The judges discuss. Nnenna has quiet confidence according to Nigel. Gina is pretty but not a model. Nigel says that she's dazed and confused in person. He doesn't know the half of it. Everyone loves Brooke. Sara still has a bit of the gawky teenager about her, but has a great look. Nigel says that he likes Joanie okay, but that as soon as she opens her mouth, her giant snaggletooth -- which apparently makes a noise like an elephant, if the sound editor is to be believed -- is all he sees. And seriously, girl has quite a tooth. Ms. J. says that a call to 1-800-SMILE will fix that. Wendy gets mixed reviews, as does Leslie. Mollie Sue's haircut gets raves from Twiggy. Rachel says she thinks Furonda could walk every runway in Europe, whereas Nigel says that "Furonda is Gone-da" for him, and that she looks like E.T. in a wig. Twiggy would like to watch Kari some more. Danielle is beloved by Twiggy. Tyra says that Danielle reminds her of the girls she grew up with in Inglewood, and does her best ghetto impersonation. It involves hopscotch, and that's all I'm going to say. Twiggy appears uneasy, while Rachel thinks about how delicious hopscotch chalk must taste. That's what happens when you don't eat for fifteen years. Twiggy says that Jade is Scary Spice to her, but Ms. J. thinks that they knocked some of the arrogance out of her. Nigel, not to be outdone by just any ghetto impression, counters with "Jade just needs to get laid." Ms. J. looks like he wants to clutch his pearls as he thinks about how gross Nigel is. And seriously, that is the least of Jade's problems.

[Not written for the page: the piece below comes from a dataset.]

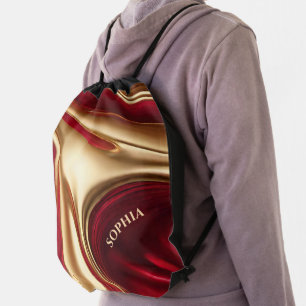 Abstract Flow Art-Red and Gold- Drawstring Bag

Twelve lovely girls stand before Tyra, but she only has eleven photos. And who gets the photos? Everyone except for Jade and Wendy. The judges see a model in person with Wendy, but are less than impressed with her photos. Her potential hasn't been put to use. And also, they found her parents, so purpose served. Jade is a giant asshole. But she nonetheless gets a photo and another week in the competition. Tyra says that her arrogance is based in insecurity, but that she has another chance to show them "The Real Jade." Please, Lord, anything but that!
Poor Wendy is crying and in shock. Though I don't think she's such a looker, I do feel bad for her. I mean, the girl has been through enough, you know? She says that her family will be proud that she made it this far, and that she likes to think of this as a beginning rather than an end.